Hanna also rebutted the false claim that the Pyramids were built by slaves, which she said are rooted in Biblical tradition.
"The Pyramids were built by Egyptian workers recruited from all over the country during the inundation season when the peasants would temporarily cease work on the farmlands," she told Al-Monitor.
"We have the papyrus logbooks of the workers and we have found the tombs of the workers from which we know that the workers were fed meat, had access to medical care and were paid in rations of bread and beer," she said. The papyrus logbooks she referred to are the Diary of Merer discovered in 2013 by a French mission working under the direction of the Sorbonne University in Paris.

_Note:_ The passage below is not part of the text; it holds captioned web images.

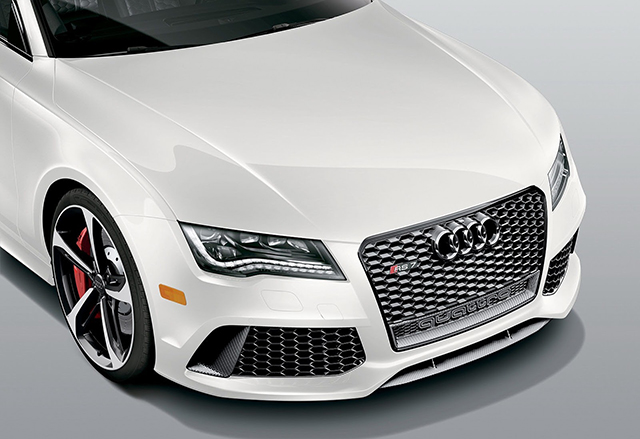 На New York Auto Show 2014 бе представено страхотното Audi RS7 Dynamic Edition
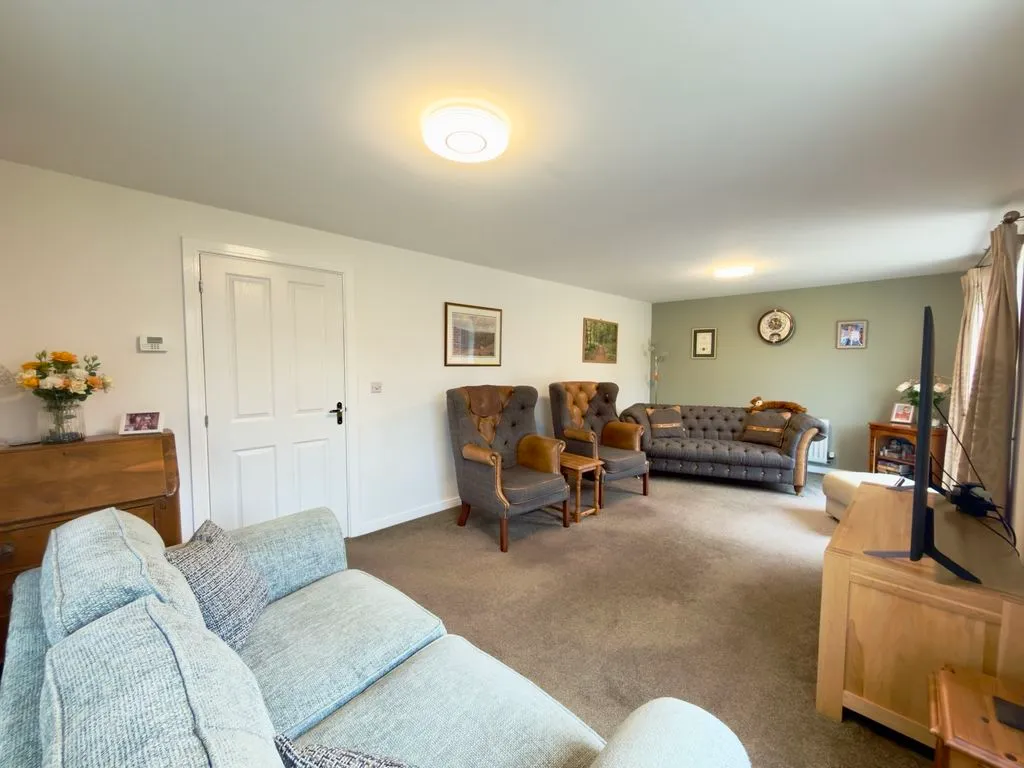 For SaleGrove Farm Drive, Adlington, photo 17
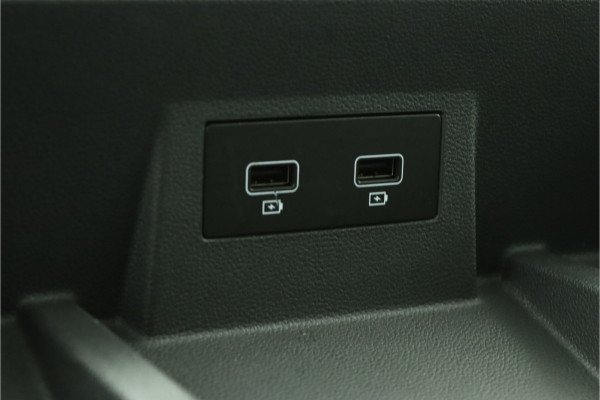 Renault Trafic 2.0 dCi 130 T30 L2H1 Luxe Excl. BTW Airco - Cruise Control - Bluetooth - Trekhaak - Parkeersensor Achter - Zijschuifdeur Rechts - 12 Maanden BOVAG Garantie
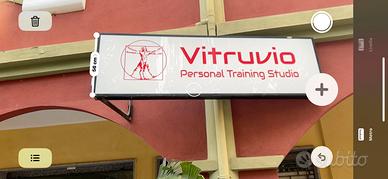 Insegna luninosa a cassone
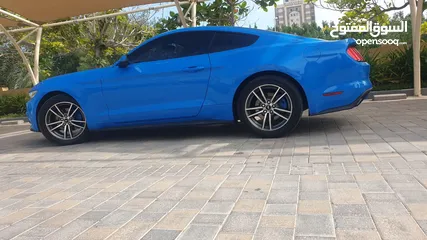  14 Ford Mustang premium plus full option 2017 ecopoost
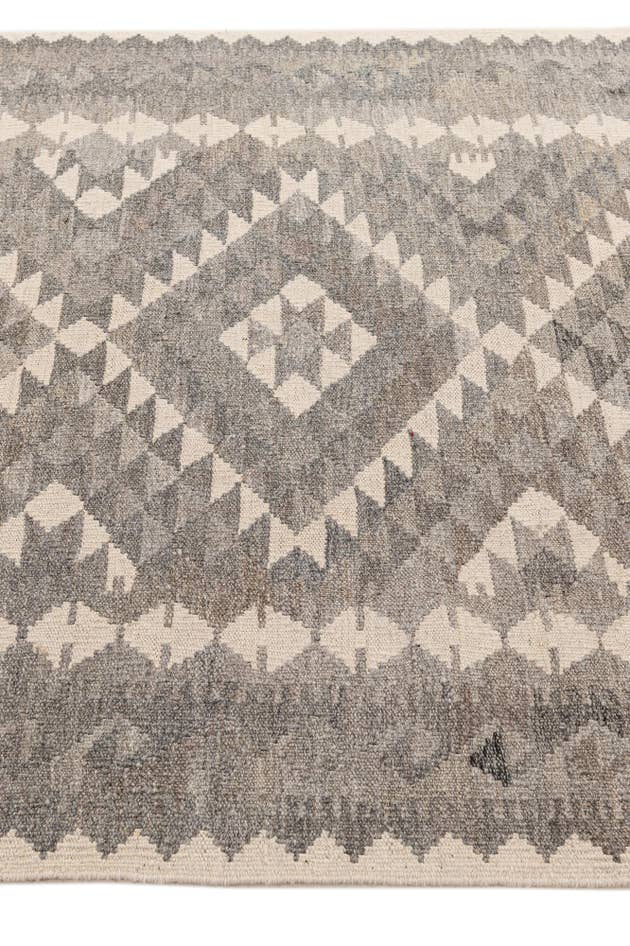 Detail image of 4' 1 x 5' 11 Hand Woven Kilim Maymana Wool Rug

The journal of a previously unknown official of the same name chronicles the daily activities of stone transportation from the Tura limestone quarry to the Pyramid site in Giza.
"Building the Pyramids was also a project of faith as the Egyptians believed the Pharaohs were the divine intermediaries between the Gods and the people, so they were building a house for the eternal life of these religious leaders and Heads of State," Hanna added.
In response to the calls for demolition of the Pyramids, some Twitter users shared their photographs with the Pyramids as a backdrop from their holiday trips to Egypt, starting an impromptu campaign that may attract more visitors to Egypt once the country resumes international flights. Tourism is one of Egypt's most important sources of income, accounting for around 12% of the country's gross domestic product.